I will consider the steps needed to fully understand a message (or stored record). I’ll assume that the message is digitally encoded – though this is almost irrelevant to the analysis. Initially, let’s assume that the message is English text.

a) I receive a message comprising a string of bytes.

b) I can covert this into printed, or displayed, characters. But to do this properly I must know which character coding system, eg EBCDIC, was used to create the message.

c) Next I use my lexical knowledge to recognise words and punctuation marks.

d) And then my syntactic knowledge to parse it. I now see the text as a structure, specifically a sentence, with a subject, clauses, etc.
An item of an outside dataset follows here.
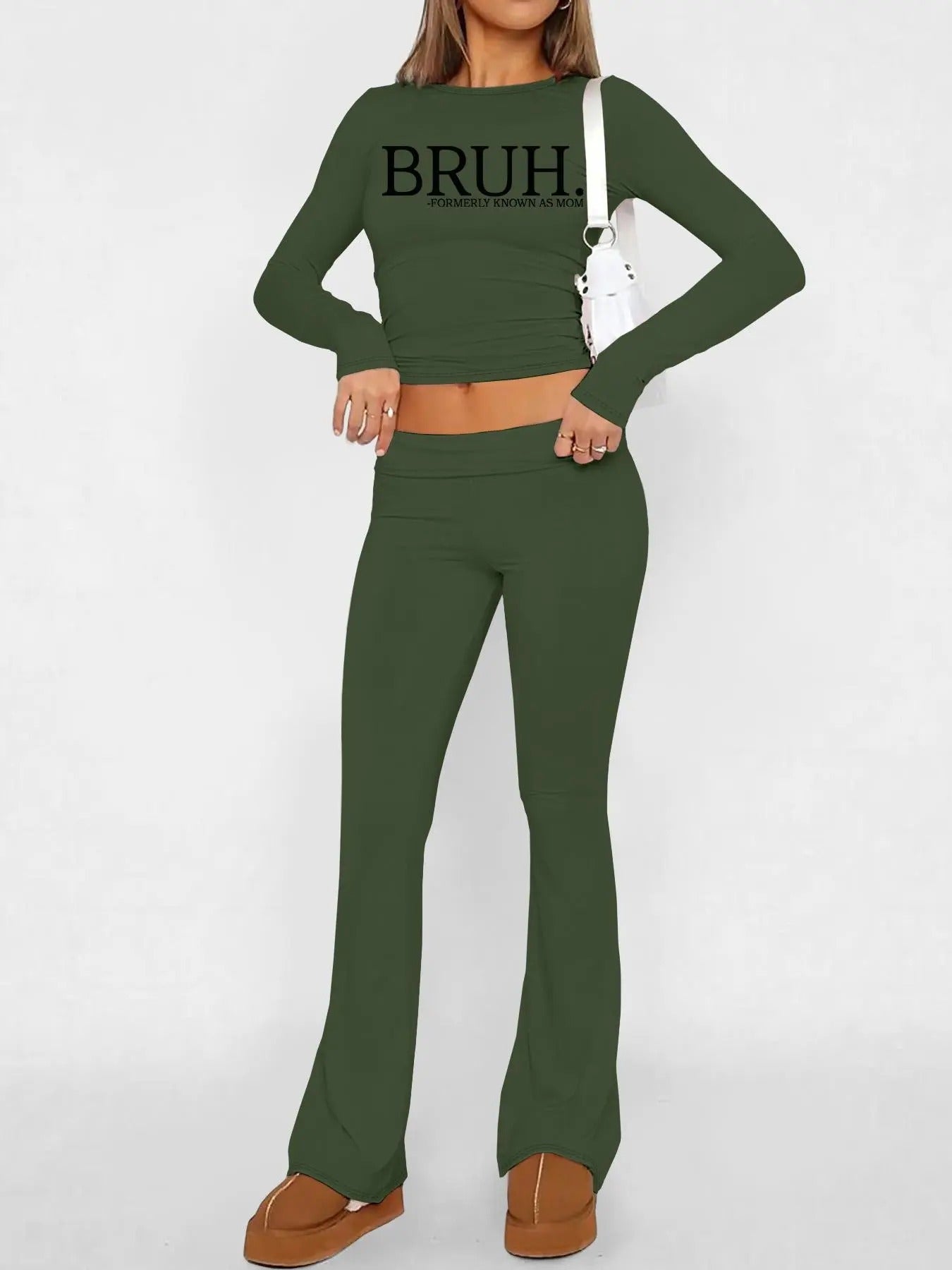 Women's Letter Print Crop Tee & Flare Leg Pants Set, Casual Fashion Cozy Two-piece Outfits for Daily Outdoor Wear, Women Clothes for Fall & Winter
e) Adding my semantic knowledge (of what the words mean) gives me the meaning of the sentence.

f) Finally I relate this meaning to other relevant knowledge (the context for the sentence) and see the significance of the message.

At each step the decoder, whether human or electronic, must apply information it already knows. This information may be called metadata. Here’s a summary:

Semiotic level

What is added by the receiver

The result

6 Pragmatic

Contextual knowledge.

Significance of the information.

5 Semantic

Meanings of words (from dictionary)

Meaning of the sentence

4 Syntax

English grammar

Parsed sentence.

3 Lexical

Lexical rules

Words

2 Coding

Character coding.

Characters

Input

n/a

Bytes

Now let’s generalise.

Numbers

Suppose the message consists of several distinct fields, some textual and some numerical. Then we’ll need to divide the message into fields before we apply the character code for text since numbers may use non-text coding. This will be level 1. And we’ll still need level 2 to turn the bytes into numbers.

There’s no lexical or syntactic level for numbers but we will need to know the semantics. Many numbers are measurements or predictions of measurements and for these we need to know what is measured and the units. We may even need to know how the measurement was made and by whom.

Other numbers are ratings or rankings and this also needs to be known.

Some of this may, of course, be given explicitly by other data items. Taken together this information allows us to convert the number into a sentence of known meaning, eg

  • 17.63 => The height of the mast is 17.63 m.
  • 623 => This MP’s expenses were the 623rd largest.

Finally, at the pragmatic level, we add contextual information to see the significance of the information, eg

  • The boat is too tall to pass under the bridge.
  • This MP is probably honest.

Image

Now suppose that we have fields containing image data. Processing is similar to numbers. The image coding, eg JPEG, is used at level 0 and there is no lexical or syntactic processing. To get the meaning of the image (semantic level) we need to know what sort of image it is, eg an aerial photograph or an X-ray image, its scale and perhaps other details about the equipment and settings used.

Finally, as before, the pragmatic level adds contextual information to let us see the significance of the image.

Composite model

We can put all this together in a composite model as shown in the table. If necessary the Images column can be generalised to cover the result of any sensing system, eg video, radar images, seismograph output.


Text

Numbers

Images

6 Pragmatic

Add contextual knowledge to get significance.

5 Semantic

Add dictionary knowledge to get meaning.

xx

And units.

And scale, part of spectrum sensed.

4 Syntax

Add NL grammar to get a parsed sentence.

xx

xx

3 Lexical

Add lexical rules to get words

xx

xx

2 Coding

Add character coding to get characters.

Add format rules to get numbers.

Add format rules to get 2D image.

1 Record structure

Add record structure knowledge to divide message into fields.


Bytes

I started by noting the muddle about the words data, information, etc. In fact these words are often used interchangeably and in different ways by people with different backgrounds and interests. IT people, however, should say ‘data’ when we want to discuss bits and bytes and their decoding and processing at lexical and syntactic levels. We should say ‘information’ when discussing the semantics and significance of the data.